Foto: Fotomontage ki-/Fotos: Stephan Seeger/Pixabay

Wer mit Josef Johnen über den Kaarster Friedhof wandert, merkt schnell, dass der Hobby-Historiker in seinem Element ist. Mit leuchtenden Augen und schier ohne Pause erzählt der ehemalige Vorsitzende der Seniorenunion über die Gräber auf dem Friedhof, vor allem im ältesten Teil der Ruhestätte. Es ist, als würden auch die Toten ihm gerne zuhören. „Wenn Friedhöfe außerhalb des ursprünglichen Kirchhofes angelegt wurden, war es das Ziel, die Sichtachse zur Kirche zu behalten. So wie hier auf dem Kaarster Friedhof“, erzählt Johnen und zeigt in die Richtung der St.-Martinus-Kirche im Alten Dorf, vor der mittlerweile Häuser stehen, die früher dort nicht standen – das jedenfalls glaubt Johnen.

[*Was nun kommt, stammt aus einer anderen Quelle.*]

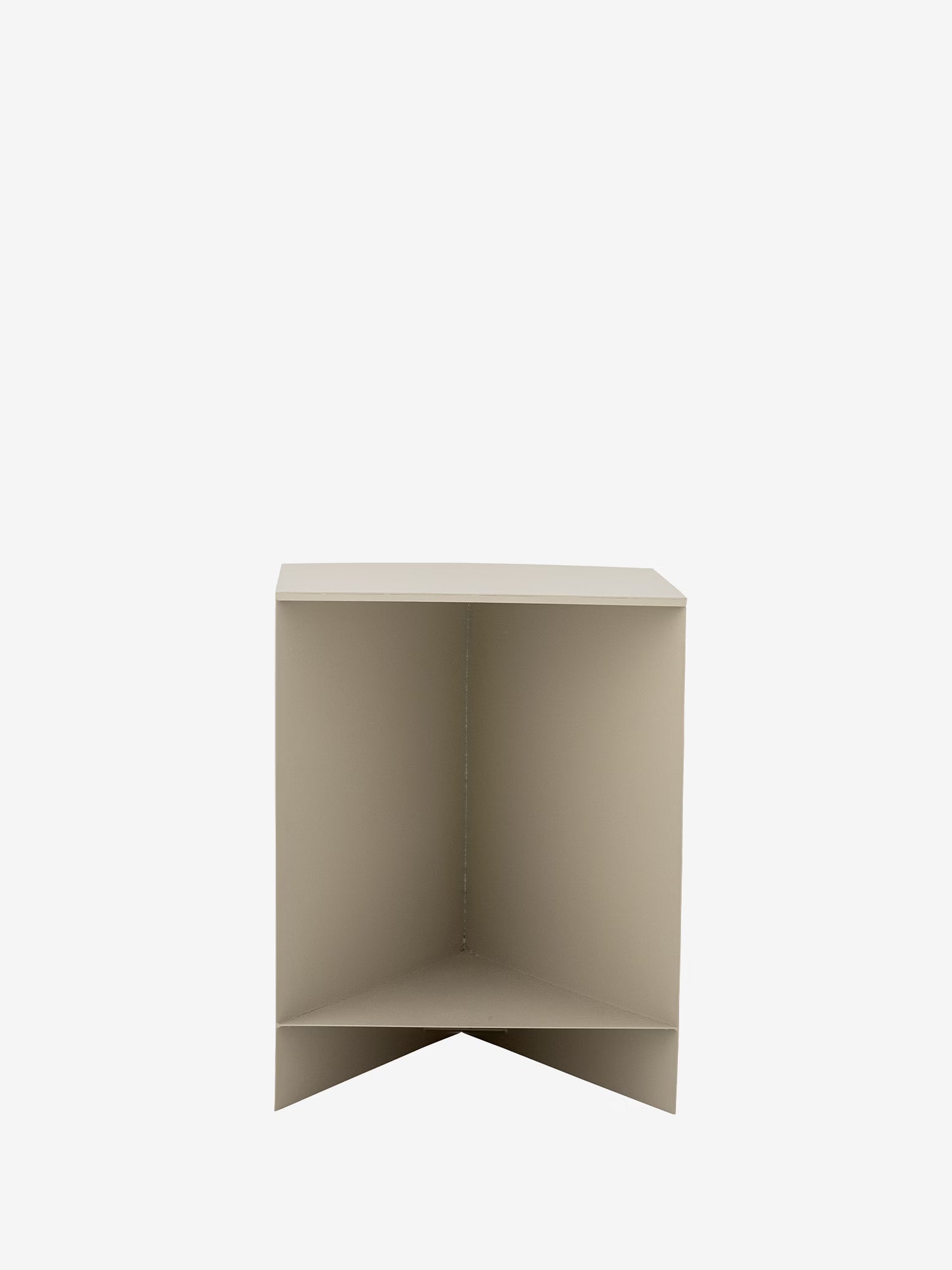 Tasha Tavolino d'appoggio in metallo beige con vano contenitore 35×35 cm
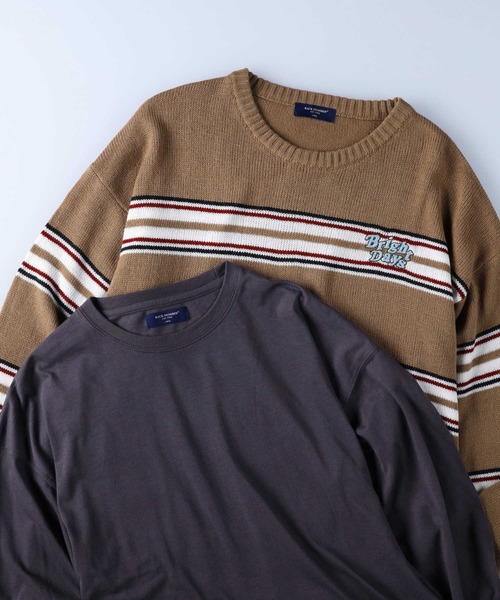 BACK NUMBER（バックナンバー）の「【BACK NUMBER】ボーダーニットレイヤード（アンサンブル・メンズ・ベージュ/ダークグレー/ケリー・M/L/XL）」の13枚目の写真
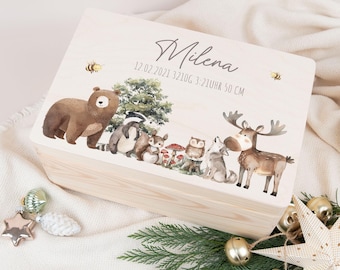 Caja de recuerdos de animales del bosque, caja de recuerdos para bebé, regalo de nacimiento, caja de recuerdos para bebé, regalo de bautizo, regalo personalizado con nombre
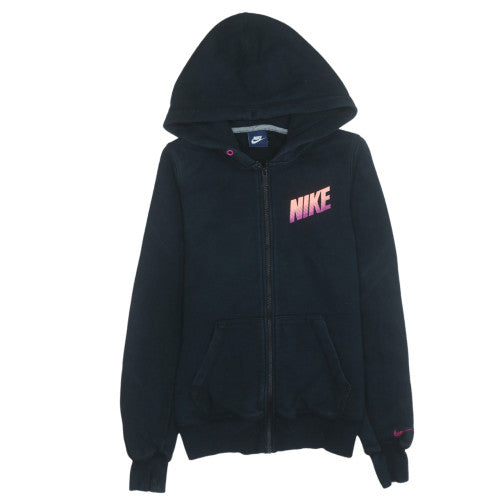 Womens UK Size M Nike Black Full Zip Hoodie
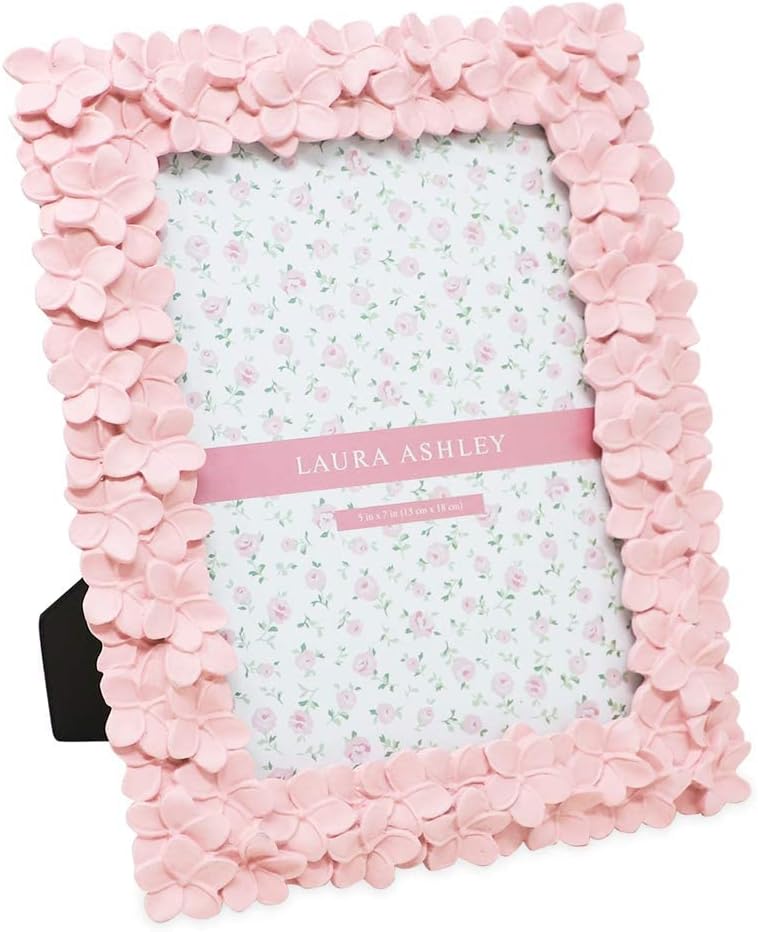 Photo Albums, Frames & Accessories - Laura Ashley 5x7 Pink Flower Textured Hand-Crafted Resin Picture Frame with Easel & Hook for Tabletop & Wall Display, Decorative Floral Design Home Décor, Photo Gallery, Art, More (5x7, Pink)
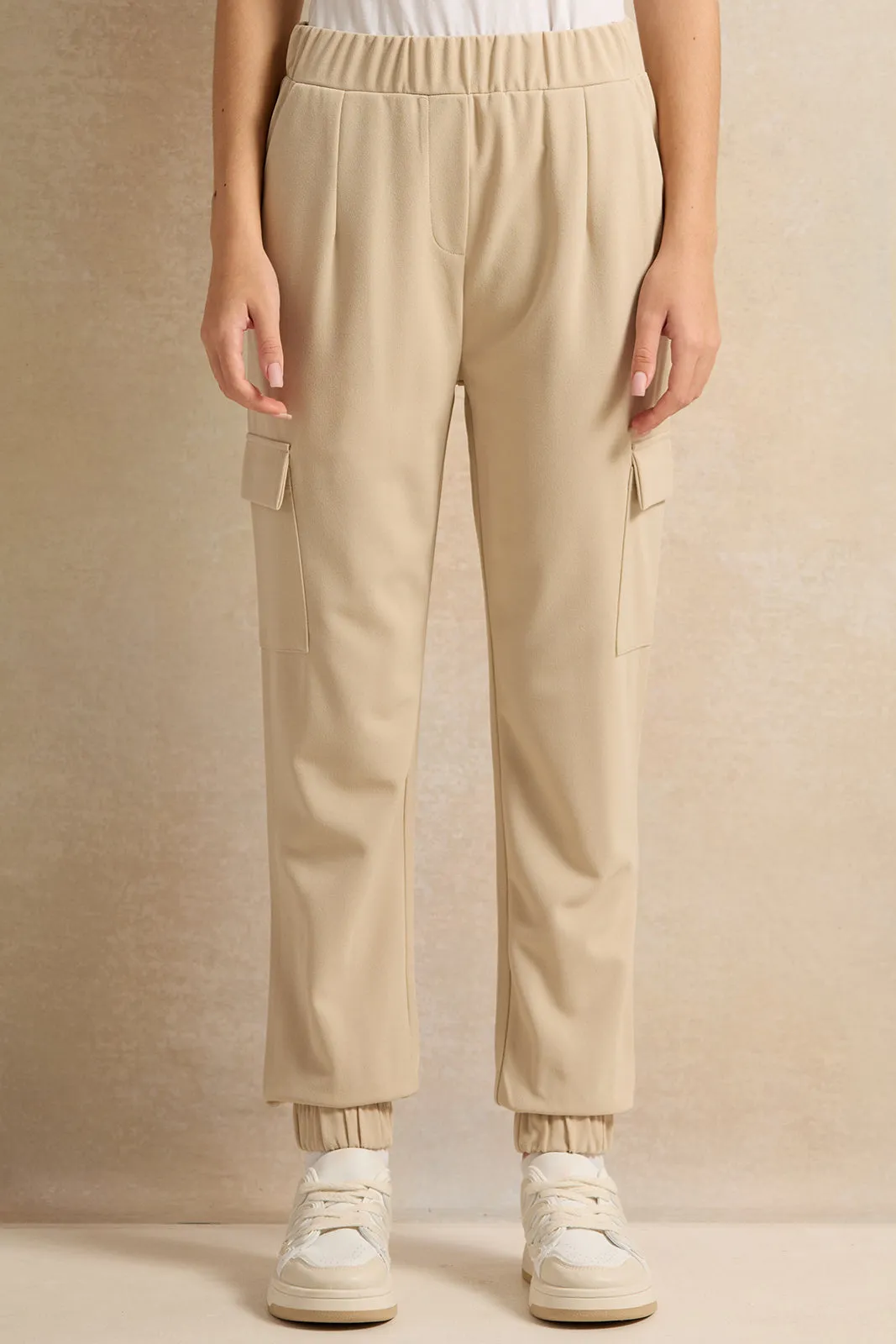 Senior Girls Beige Cargo Trousers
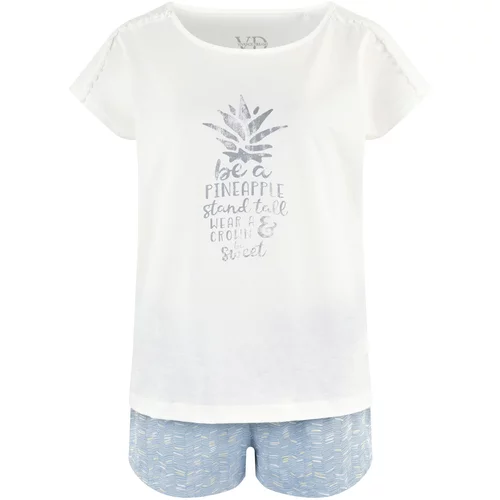 VIVANCE Kratke hlače za spanje 'VD Pineapple' modra / bela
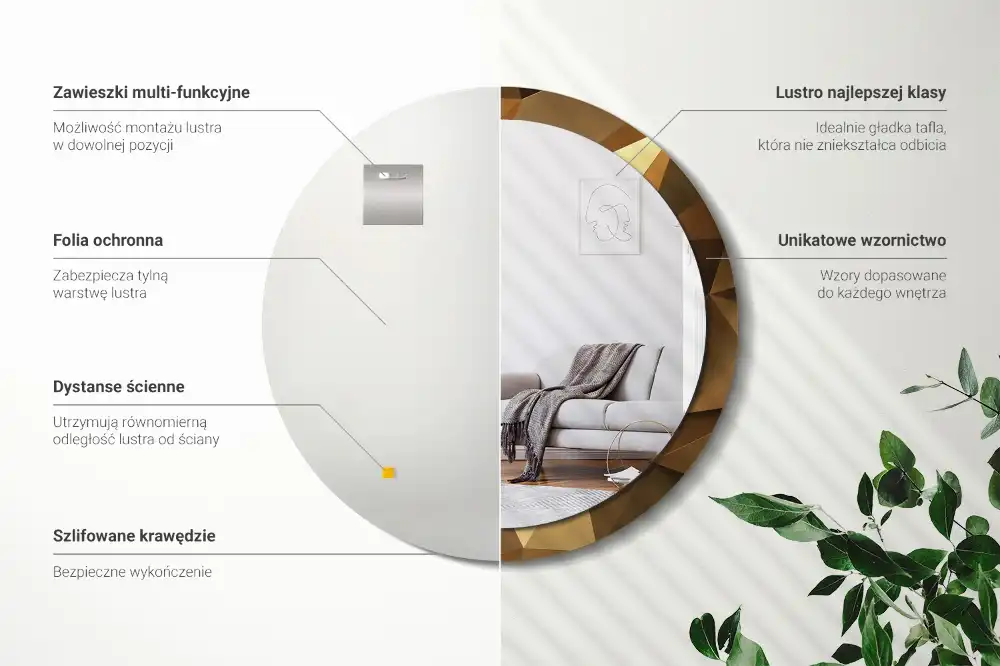 Espejo redondo estampado Patrón geométrico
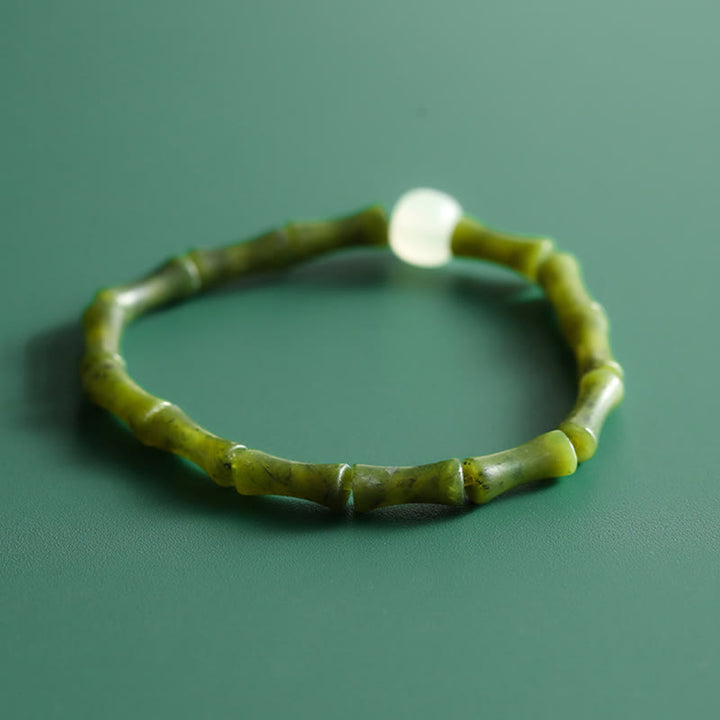 Pulsera de abundancia de suerte con patrón de jade de bambú verde con Buddha Stones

Die Stadt hatte das Grundstück, auf dem der heutige Friedhof liegt, im Jahr 1763 von der St.-Sebastianus-Bruderschaft Kaarst gekauft. Zwei Männer, Herman Brocher und Johan Zentzen, betteten elf Tage lang die Toten vom Kirchplatz auf die neue Ruhestätte um. Ihr Lohn: 30 Stüber (Kleingroschenmünzen) und ein halbes Glas Branntwein pro Tag. 1824, 1882 und in den 1950er Jahren wurde der Friedhof noch einmal erweitert, ehe er in den 1980er Jahren auf den heutigen Stand mit einer Reservefläche ausgebaut wurde.

Der ursrprüngliche Friedhof
hatte eine V-Form

Das alles hat Josef Johnen im Stadtarchiv und in anderen Quellen recherchiert. Der ursrprüngliche Friedhof hatte eine V-Form. „Diese Struktur haben wir nicht nur auf dem Kaarster Friedhof, sondern auch in Büttgen, Trier und Konstanz“, sagt er. Zudem gibt es weitere Ruhestätten, die ähnliche Strukturen aufweisen würden. „Um das genau zu recherchieren, müsste man allerdings in Kloster-Aufzeichnungen schauen, so weit bin ich noch nicht vorgedrungen“, sagt Johnen. Man merkt ihm regelrecht an, dass er das auch noch versuchen wird.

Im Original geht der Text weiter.